Problem to solve: Copy nothing but the line with "Флора. Грибы, Фото" and the lines that follow it to the end of the entries below, and keep the pictures out.
[Entries provided — start]
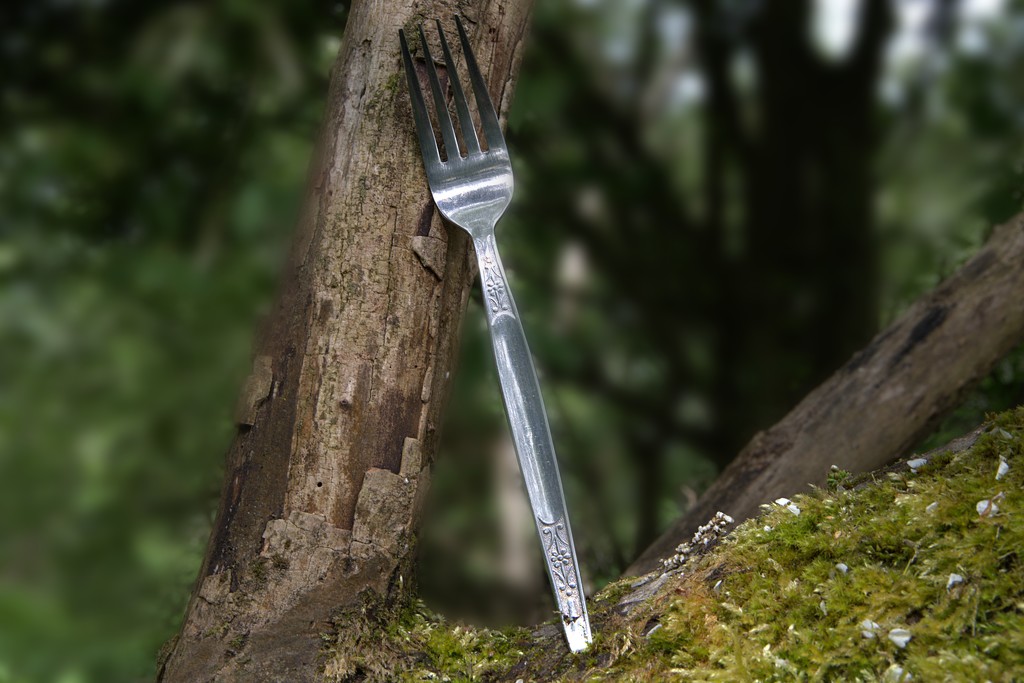 Fork in a Branch by 30pics4jackiesdiamond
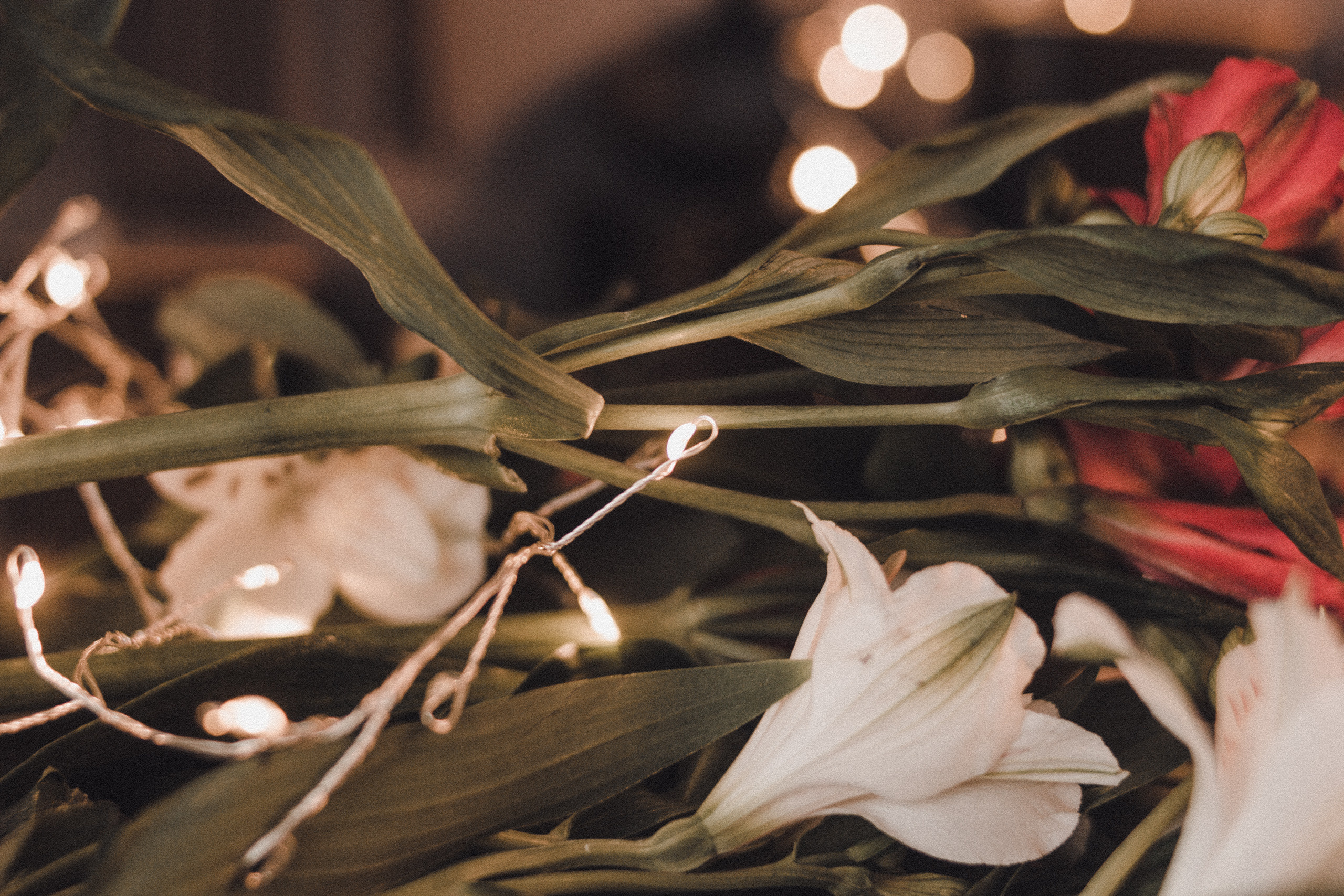 Алена, Даша, Лера, Марина. Свадебный и портретный фотограф в Белграде Екатерина Македонская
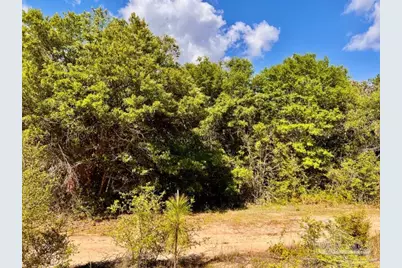 Lot 58 South Timber Ln, Jay, FL 32565 - Photo 13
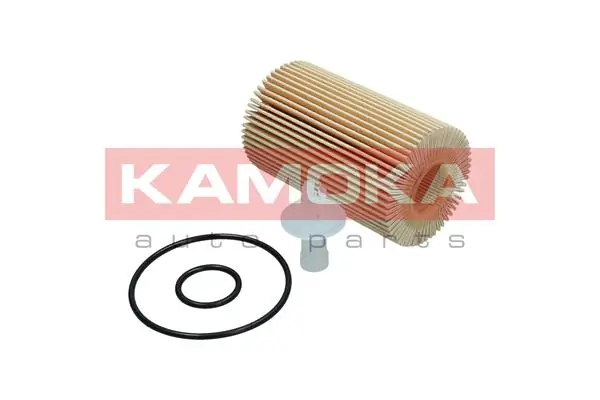 Oil Filter F116901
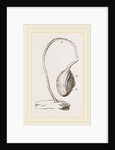 Boltenia reniformis by Anonymous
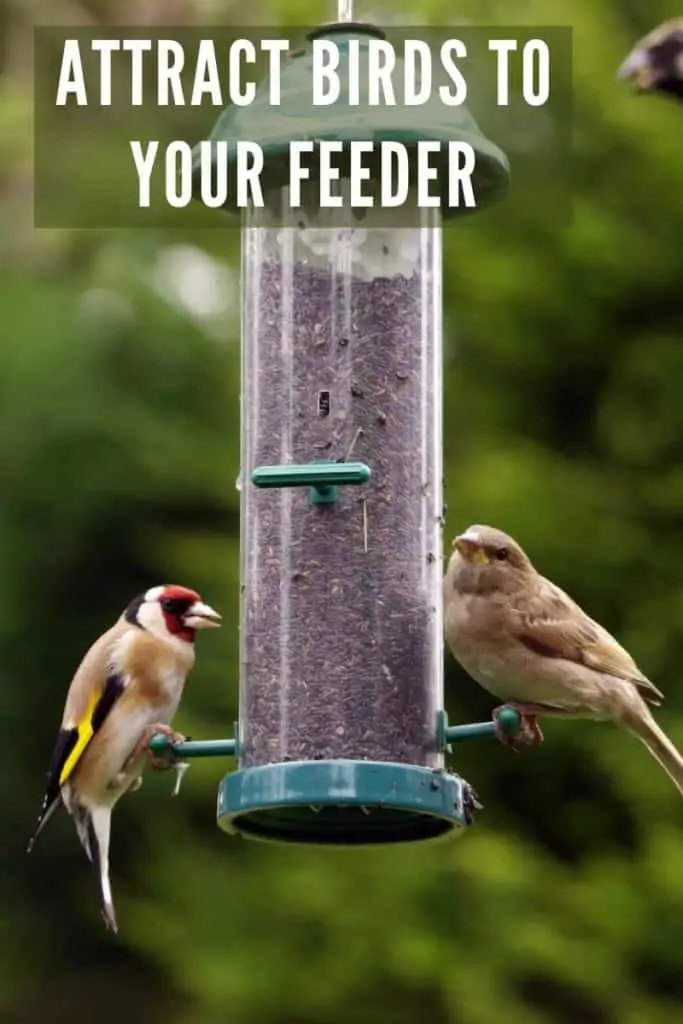 bird feeder attracts birds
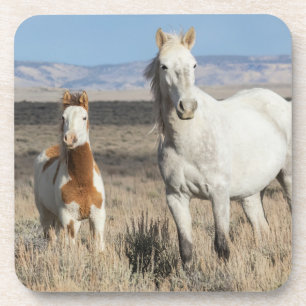 Wild Horses at Home in the Sandwash Basin Coaster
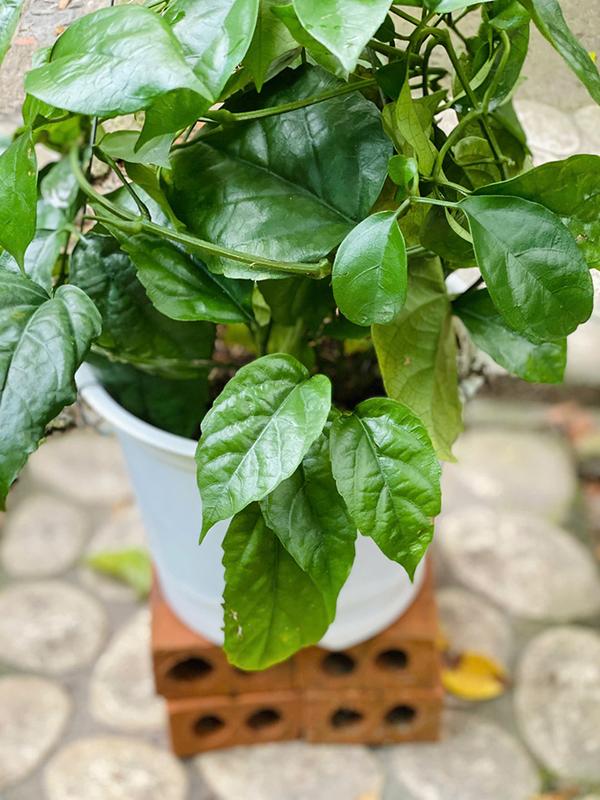 Cây Lan Hoàng Dương - Kích thước giao động 60+ cm - Hoa vàng rực rỡ - Mang vẻ đẹp tinh tế! Hoa Kiểng Mặp 8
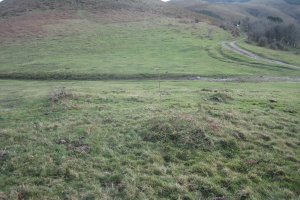 Cromlech Espide (Noviembre 2018)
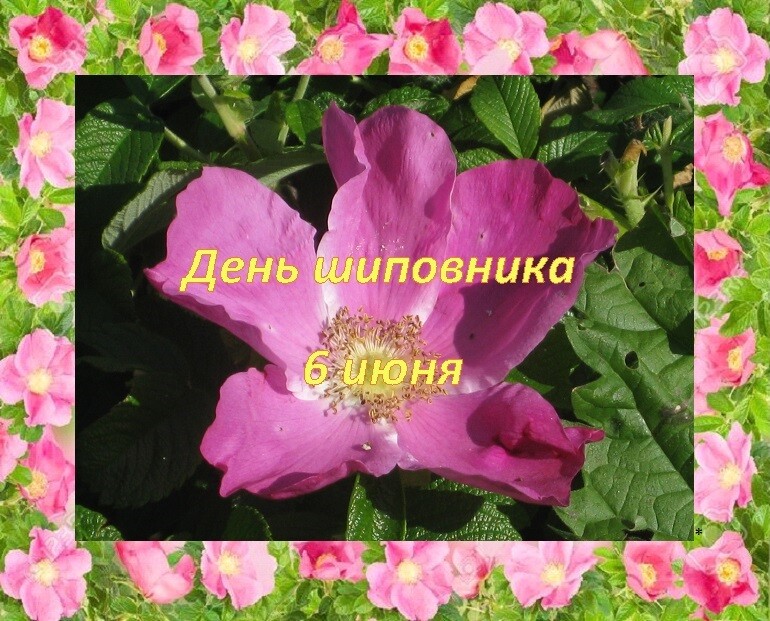 «6 июня. ДЕНЬ ШИПОВНИКА» раздел «Цветы. Флора. Грибы, Фото - Арт, Макро». «11 июня 2026 года. Москва, Северный округ, Головинский район»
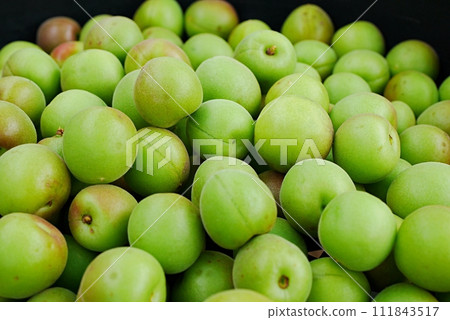 Koume fruit20230505 111843517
[Entries provided — finish]
Finished exercise:
 «6 июня. ДЕНЬ ШИПОВНИКА» раздел «Цветы. Флора. Грибы, Фото - Арт, Макро». «11 июня 2026 года. Москва, Северный округ, Головинский район»
 Koume fruit20230505 111843517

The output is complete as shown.